While the FDA seeks to improve safe practices for the entire supply chain under the Food Safety Modernization Act (FSMA), it is the bigger companies have the legal and technical staffs to scrutinize the regulations and submit comments. Which begs the question: Does the FDA fully understand the challenges that the majority of companies have?
Elliot Maras, managing editor of Food Logistics, notes in his “Food and More for Thought” column in the April issue that resources do exist for small companies to comply with the upcoming FSMA rules.
The sanitary transportation rules under FSMA would not apply to shippers, receivers, or carriers engaged in food transportation operations that have less than $500,000 in total annual sales. But whether or not a company qualifies for this exemption, most shippers, receivers and carriers still want to handle food as safely as possible.
The FDA, in networking with industry, has recognized the need to reach out to companies of all sizes to help them comply with the law.

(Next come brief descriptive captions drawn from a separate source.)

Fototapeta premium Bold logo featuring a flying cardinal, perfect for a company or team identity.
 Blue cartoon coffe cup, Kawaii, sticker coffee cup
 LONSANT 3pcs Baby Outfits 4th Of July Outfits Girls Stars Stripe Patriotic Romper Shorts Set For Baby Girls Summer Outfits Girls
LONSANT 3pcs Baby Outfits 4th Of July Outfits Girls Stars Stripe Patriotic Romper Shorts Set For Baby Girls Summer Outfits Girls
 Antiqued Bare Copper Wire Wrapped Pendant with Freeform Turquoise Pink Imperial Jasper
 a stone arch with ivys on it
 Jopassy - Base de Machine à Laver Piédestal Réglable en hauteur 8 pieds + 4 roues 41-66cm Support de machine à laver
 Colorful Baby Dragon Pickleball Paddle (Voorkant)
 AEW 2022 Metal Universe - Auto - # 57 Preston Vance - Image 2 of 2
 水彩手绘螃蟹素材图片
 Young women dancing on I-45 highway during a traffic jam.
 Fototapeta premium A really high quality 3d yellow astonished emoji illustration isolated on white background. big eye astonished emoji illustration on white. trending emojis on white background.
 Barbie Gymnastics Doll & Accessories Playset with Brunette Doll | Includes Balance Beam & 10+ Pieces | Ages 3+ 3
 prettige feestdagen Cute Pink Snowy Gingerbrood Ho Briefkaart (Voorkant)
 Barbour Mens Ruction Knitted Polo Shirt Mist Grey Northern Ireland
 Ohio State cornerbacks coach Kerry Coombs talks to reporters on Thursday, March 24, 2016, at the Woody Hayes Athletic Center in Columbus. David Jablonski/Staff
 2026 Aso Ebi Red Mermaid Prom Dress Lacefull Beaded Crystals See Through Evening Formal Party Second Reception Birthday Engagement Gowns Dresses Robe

As early as 2011, FDA established the Food Safety Preventive Control Alliance (FSPCA) to provide smaller companies with information about FSMA. In cooperation with the Illinois Institute of Technology’s Institute for Food Safety and Health (IIT IFSH), FDA created the FSPCA to develop training courses and materials on preventing contamination for both human and animal food. The alliance consists of FDA officials, local and state regulatory agencies, the food industry and academia. Its mission is to support safe food handling practices by developing and delivering educational programs that assist industry in complying with the preventive controls regulations that will be promulgated in response to the FSMA.